Now we’re ready to start processing the recording. First, use a hi-pass/low-cut filter around 80 to 150Hz to remove any low end noise that might be present. Then perform any corrective EQ, perhaps a slight cut to remove harshness or room ring for example, but hopefully this won’t be necessary with careful mic selection and positioning. Now use a compressor set to a fast attack time (0-10ms), short release time and a fairly high ratio (4:1-8:1). Set the threshold so that the compression only kicks in on the peaks, reducing the volume by around 3-5dB. The aim here is to try and contain the extremes of the vocal performance as transparently as possible. With this achieved we can now use a second compressor to help give a thicker overall sound. So use a longer attack time (12-25ms), a medium to slow release and a much lower ration (1.5:1-2:1). This time set the threshold so that the compressor is working most of the time, but never gives more then 4-5dB gain reduction. Another option is to use a parallel compression followed by a traditional compression. In this instance the traditional compressor would be set to somewhere between the two settings described above (we’ll cover parallel compression in a later tip).

You should now have a clean, neutral sounding and controlled sound that doesn’t jump out or disappear into the mix at various points.
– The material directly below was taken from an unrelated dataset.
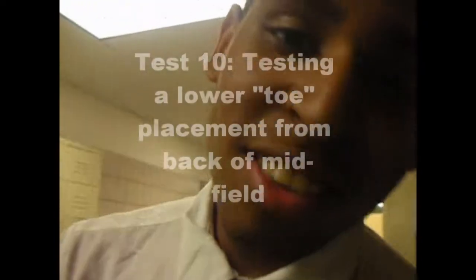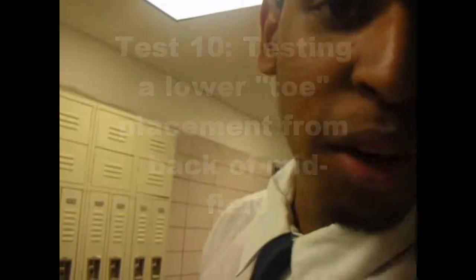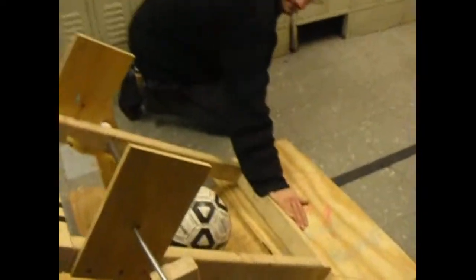Hey everybody, welcome back to HKC60.TV. We'll be testing out our manipulator for maximum length away from the bump. Five, four, three.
If there are points where the vocal is still too loud or too you could use volume adjustments to compensate, but you should also consider whether other elements of the mix could do with more dynamic control.

You’re now ready to put the icing on the cake. Often a dB or so hi-end lift using a shelving EQ around 9-12kHz can help add some air and extra clarity. Alternatively consider using an exciter to create much the same effect. But be careful as too much can end up making your vocal sound thin.

Choice of reverb will depend on the track, but a vocal plate or fairly short room setting can bring some extra width and liven up what is probably a fairly dead sound. It should also help the vocal sit back into the mix rather then appear to be placed on top. Try to avoid settings that have pronounced early reflections as you want to the reverb to create a kind of audio haze around the main sound rather then an obvious roomy sound.

The final step is to set the volume in the context of the track. Using commercial material for reference can be useful here. Turn the vocal all the way down and slowly bring it up until it sounds right. Try listening from another room as this can help reveal obvious balance problems. Don’t be afraid to make the vocal quite prominent, a lot of commercial material features very forward vocals and if you’re having your tracks mastered then the extra compression that will result from it fractionally too loud can make for an even fatter sound.

Getting a good vocal that will work in your mix will always require a degree of experimentation, but hopefully the suggestions above are a good guide to helping you get started.